PDT has been used to treat early lung cancers (less than 10 mm in diameter) with a cure rate of more than 75%. There is some early evidence that EBUS can be used to select for tumors in the large airways that are sufficiently localized (i.e., have not extended beyond the airway cartilage) to be treated by PDT with curative intent, as an alternative to surgery. PDT has also been assessed for use as a palliative treatment and has been shown to perform as well as other modalities, in particular the Nd:YAG laser, in relieving endobronchial obstruction by NSCLC. However, care must be taken as the time lag between treatment and tissue necrosis means that PDT is not suitable for emergency relief of obstruction, and in addition, obstruction may worsen because of the intense inflammatory response at 24–72 hours posttreatment, so that bronchoscopy and resuscitation equipment must be available.


CHEMOTHERAPY OF THE LUNG CANCER

For realization of drug treatment of a LC morphological confirmation of the diagnosis, establishment of histological type of a tumor, specification of prevalence of process in organs and tissues, an estimation of the general condition of the patient are necessary.
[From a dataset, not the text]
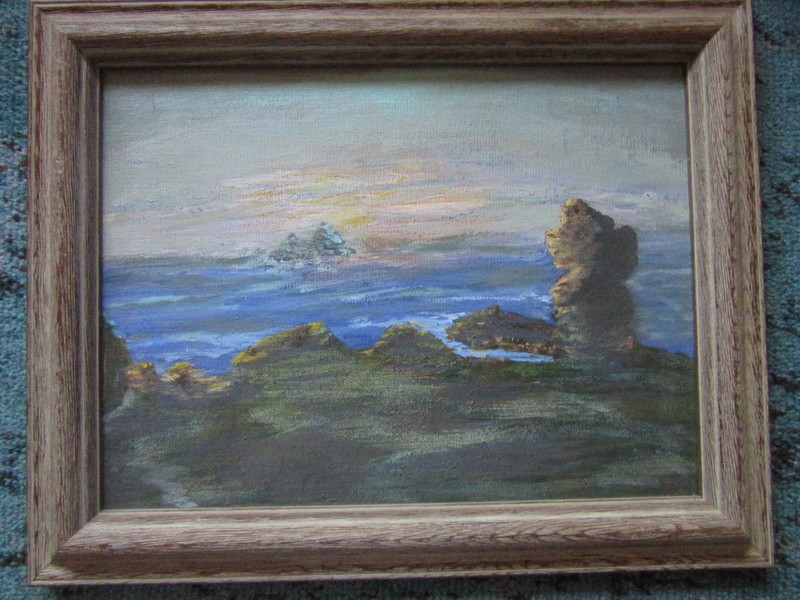 VINTAGE sunset original hand painted oil PAINTING by V rocky beach ocean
Special value in chemotherapy of a LC has the histological type of a tumor, which defines character of chemotherapy, and also the forecast for effect of treatment and survival.

Chemotherapy has been evaluated as neoadjuvant and adjuvant treatment around surgery, neoadjuvant and adjuvant around radiotherapy, and as primary treatment for advanced inoperable disease.

Indications to chemotherapy of a LC:


  • Not removable surgically initial lung tumor.

  • Impossibility of application of radial treatment.

  • The plural remote lymphogenous metastases.

  • The specific pleuritis confirmed with cytologic exudate examination.

  • Progression of disease in various terms after operation.

  • Absence of the effect after radiotherapy.